My current choice of a performance metrics system and why I picked it
In response to my previous entries on gathering OS level performance metrics, people have left a number of comments recommending various systems for doing this. So now it's time to explain my current decision about this.
The short version: I'm planning to use graphite combined with some stats-gathering frontend, probably collectd. We may wind up wanting something more sophisticated as the web interface; we'll see.
This decision is not made from a full and careful comparison of all of the available tools with respect to what we need, partly because I don't know enough to make that comparison. Instead it's made in large part based on what seems to be popular among relatively prominent and leading edge organizations today. Put bluntly, graphite appears to be the current DevOps hotness as far as metrics goes.
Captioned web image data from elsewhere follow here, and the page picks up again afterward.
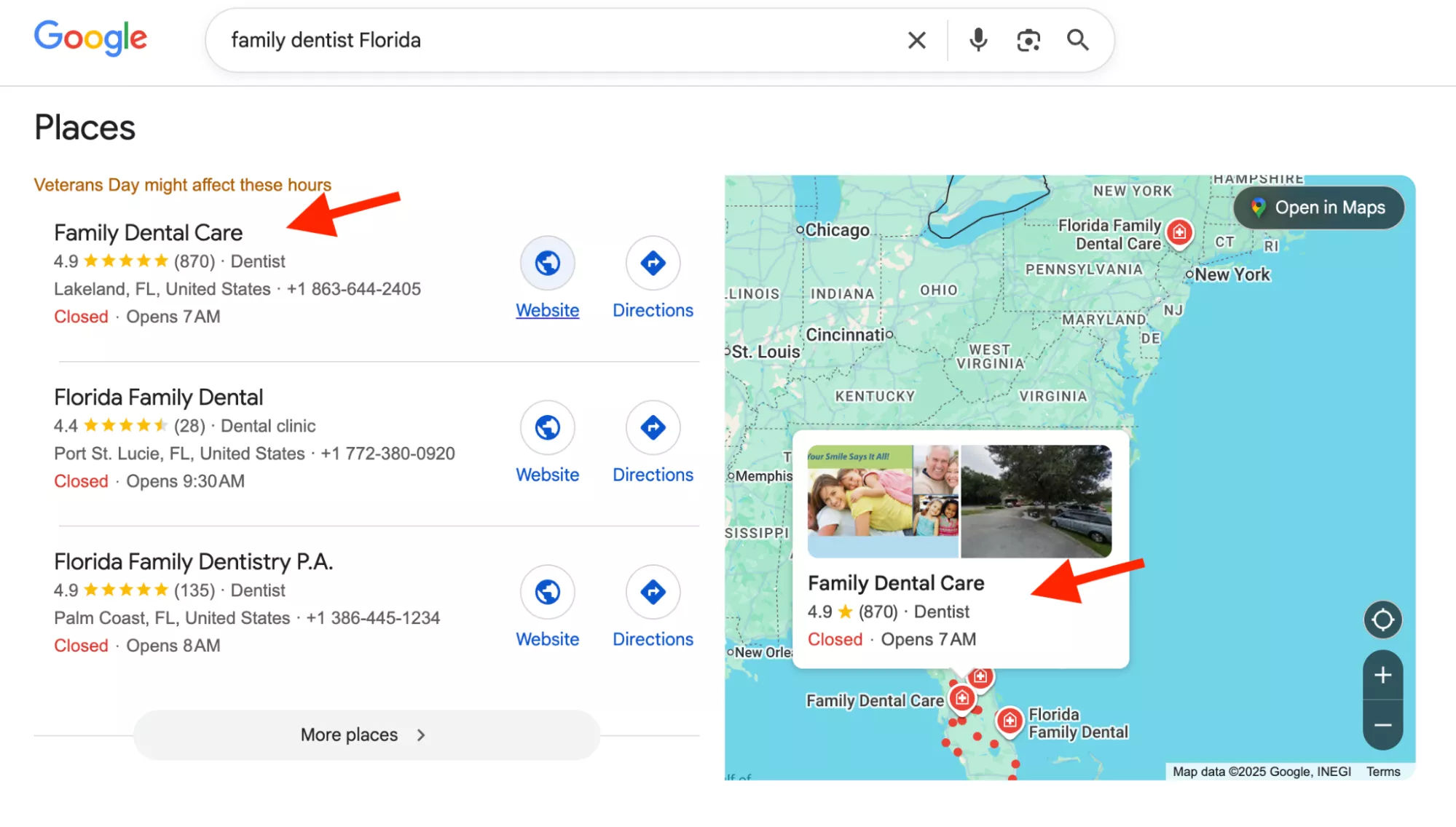 Dental SEO (Search Engine Optimization) Example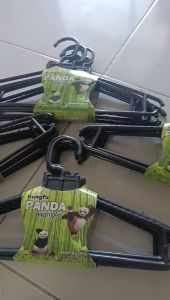 Hanger plastik baju dewasa / gantungan baju 1 set isi 6pcs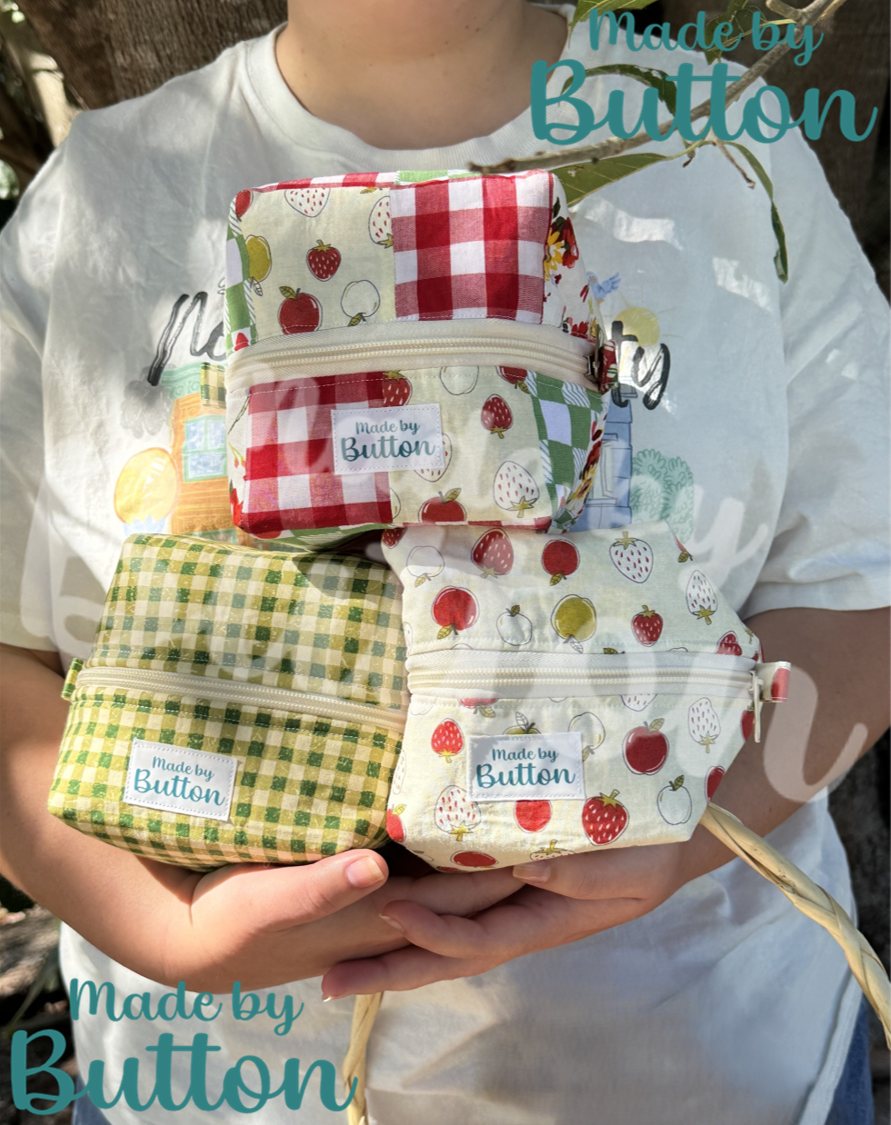 "Picnic Collage" Boxy Pouch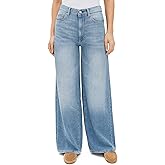 DL1961 Women's DL Aura Hepburn Wide Leg High Rise Jeans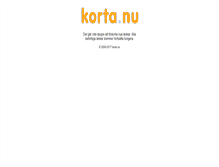 Tablet Screenshot of korta.nu
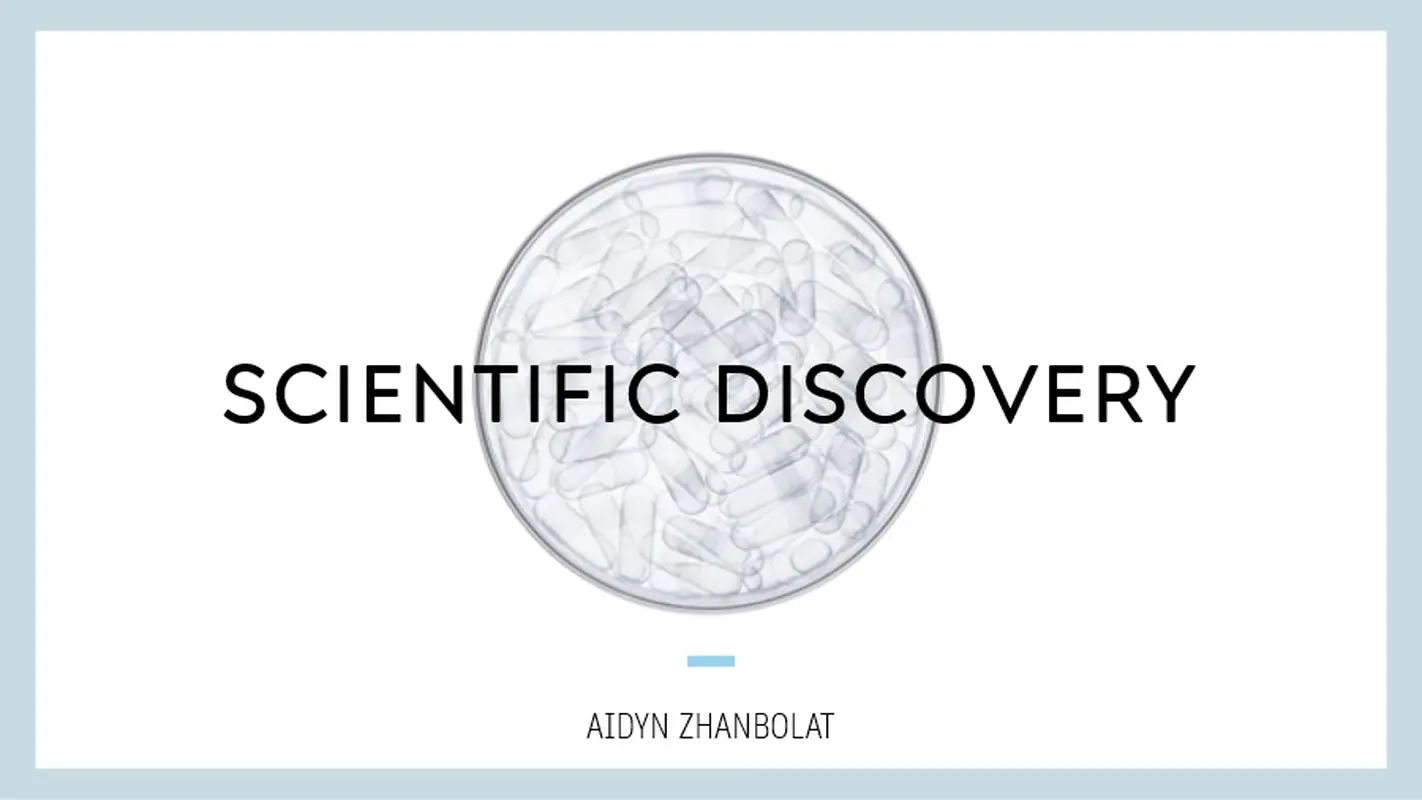Scientific discovery blue modern simple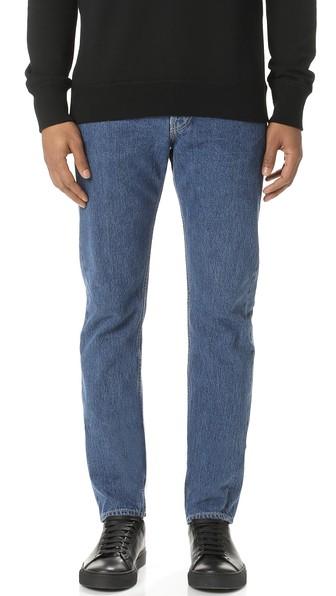 Patrik Ervell Classic Medium Stonewash Denim Jeans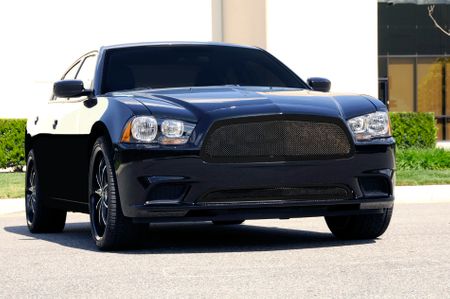 2011-2014 Dodge Charger Upper Class All Black Stainless Mesh Grille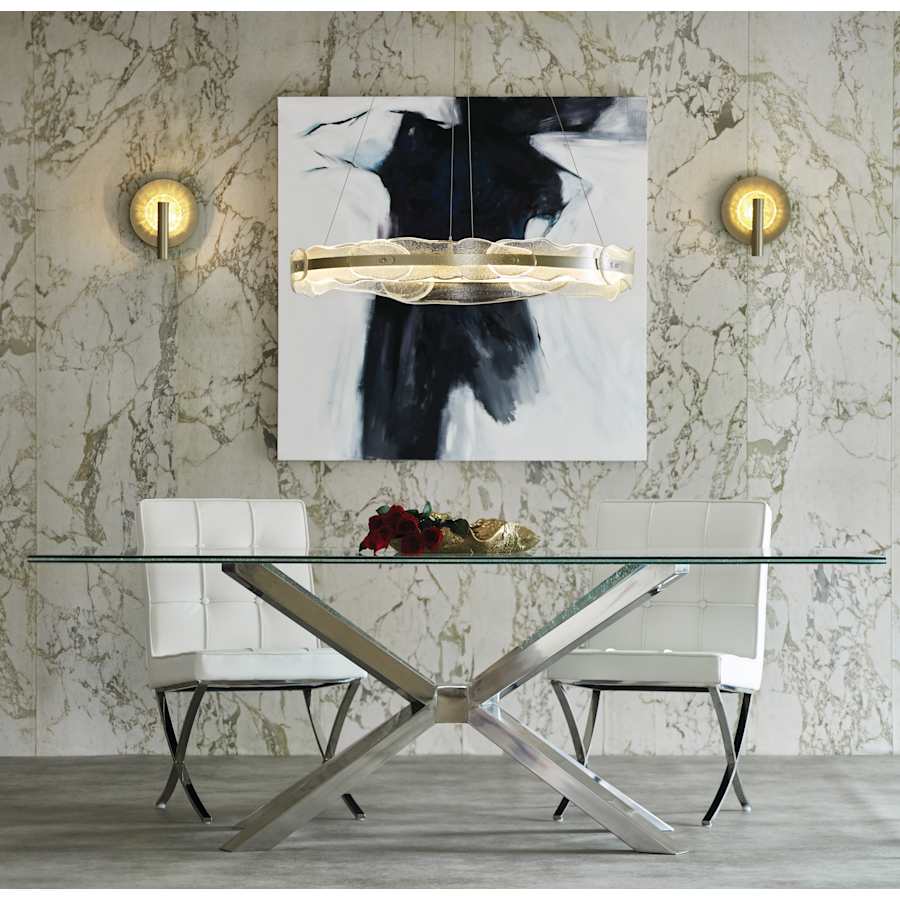 Hubbardton Forge Solstice 36" Wide LED Ring Chandelier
That it's the popular and apparent default choice means two good things. First, given that it's used by much bigger environments than we are I can probably make it work for us, and given that the world is not full of angry muttering about how annoying and/or terrible it is it's probably not going to be particularly bad. Second, it's much more likely that such a popular tool will have a good ecology around it, that there will be people writing howtos and 'how I did this' articles for it and add on tools and so on. And indeed this seems to be the case based on my trawling of the Internet so far; I've tripped over far more stuff about graphite than about anything else and there seem to be any number of ways of collecting stats and feeding it data.
(That graphite's the popular choice also means that it's likely to be kept up to date, developed further, possibly packaged for me, and so on.)
A side benefit of this reading is that it's shown me that people are pushing metrics into a graphite-based system at relatively high rates. This is exactly what I want to do given that averages lie and the shorter period you take them over the better for avoiding some of those lies.
(I'm aware that we may run into things like disk IO limits. I'll have to see, but gathering metrics say every five or ten seconds is certainly my goal.)
Many of the alternatives are probably perfectly good and would do decently well for us. They're just somewhat more risky choices than the current big popular thing and as a result they leave me with various concerns and qualms.